# Finding chain of observations using homogeneous Markov chain

I am reading about Markov chain and I understand how to find stationary distribution of a Markov chain and the transition probability matrix at some time t. But what I fail to understand how can one use it to get a chain of observations.

So let's say I have 2 different states (s1,s2) some initial distribution and some transition probability matrix for these two states. And I want to output a string of states(s1, s2) of some desired length. Is there a formula for it? How can do that?

So, with the setup you have described, you can easily implement this using a simple matrix equation. For the following discussion, I'm going to assume that your transition matrix is time homogeneous, meaning that the transition matrix does not change over time. I'm also going to assume that we have a discrete-time process, as you describe this as a Markov chain.

Now, we can call your initial distribution $\pi_{0} = [\pi_{0}(s_{1}), \pi_{0}(s_{2})]$. The entries of the matrix of transition probabilities is usually described as a function of the current state, $x$, and the next state of interest, $y$:

$P(x, y) = \Bigg[\matrix{ P(s_{1}, s_{1}) & P(s_{1}, s_{2})\\ P(s_{2}, s_{1}) & P(s_{2}, s_{2})}\Bigg]$

Now, to perform the state transition, you simply perform matrix multiplication on your $\pi_{0}$ vector by the transition matrix:

$\pi_{1} = \pi_{0}\cdot P(x, y)$

where $\pi_{1}$ is the probability distribution of the two states at time $t=1$. This procedure can be iterated to produce the distribution over your two states at arbitrary finite time $t$: $\pi_{t} = \pi_{0} \cdot P^{t}(x, y)$, where $P^{t}(x, y)$ is the transition matrix raised to the $t$ power.

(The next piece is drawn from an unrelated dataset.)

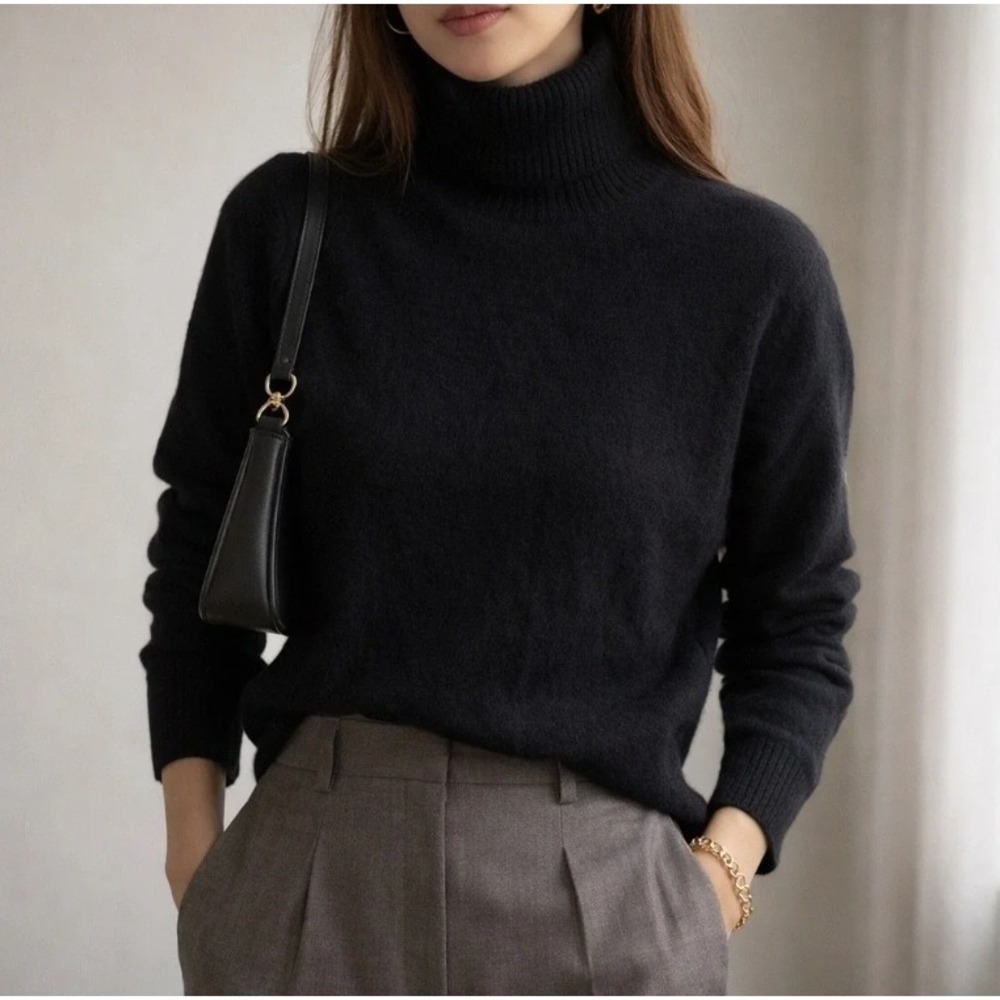J.Crew Merino Wool Blend Washable Turtleneck Sweater F8740 Black Medium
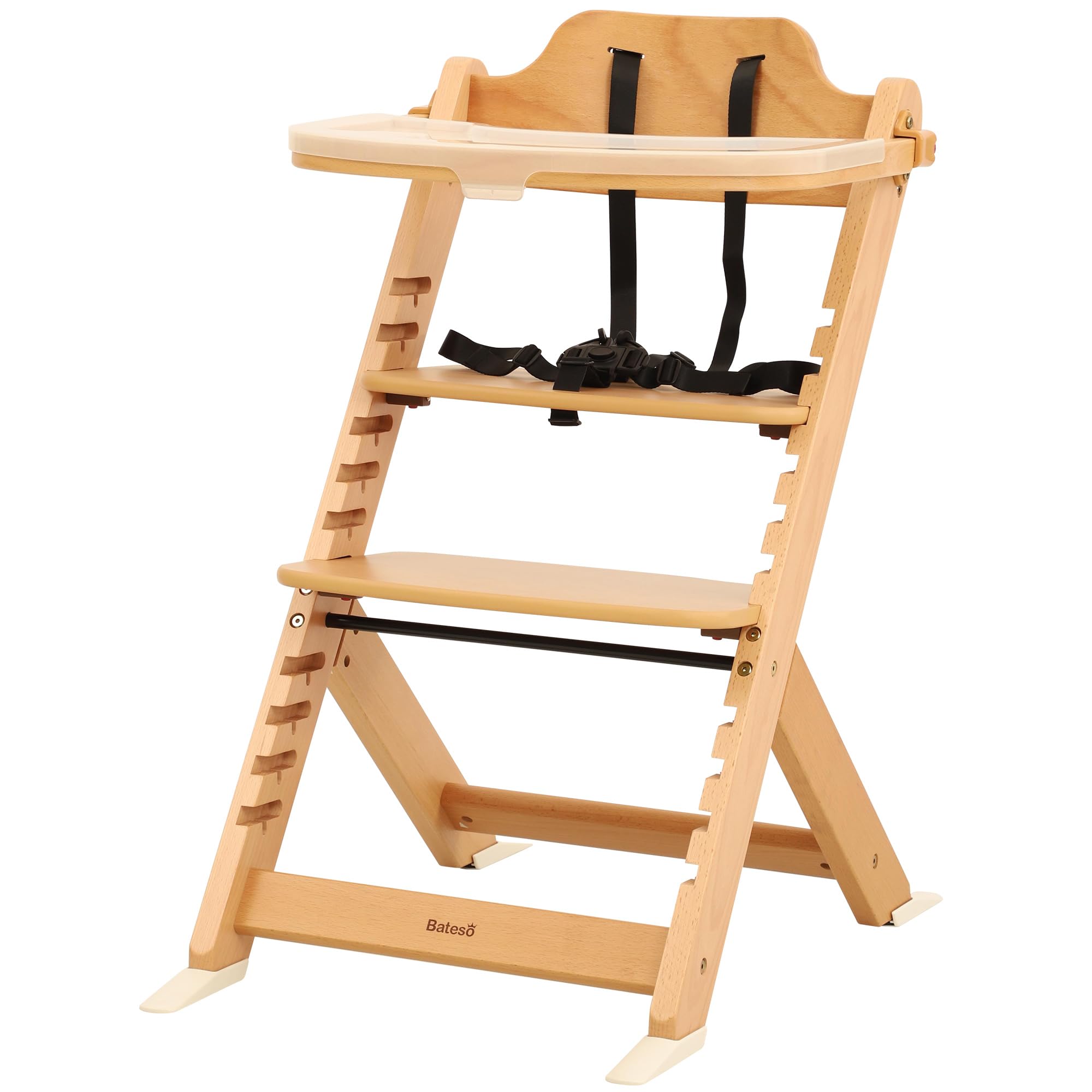 Adjustable Wooden High Chair with Removable Tray and Safety Harness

The description above should be easy enough to implement as a simple computer program in say Python. If you were interested in actual realizations, meaning your output string should be the specific state that is actually reached by the Markov chain at each time step, then you would just modify the above procedure to perform a random number draw at each time step. The random number draw determines which state is actually reached- say your current distribution at time $t$ is $[ 0.35, 0.65]$. You generate a random number $r$ in the interval $[0, 1]$, and if $r \leq 0.35$ then you set the next state to $1$. Then your distribution at the next time step $t + 1$ would be, for example if state $1$ were the actually currently occupied state, $\pi_{t + 1} = [1, 0]$. Perform the matrix multiplication, which here is just extracting the top row of your transition matrix, and generate your next random number $r$. Repeat as many times as required by your string's desired length. Now, if the chain is actually time inhomogeneous, meaning that the transition matrix can change at each iteration step, you would further have to modify the procedure so that the entries of the matrix $P(x, y)$ properly reflected this time dependence at each step.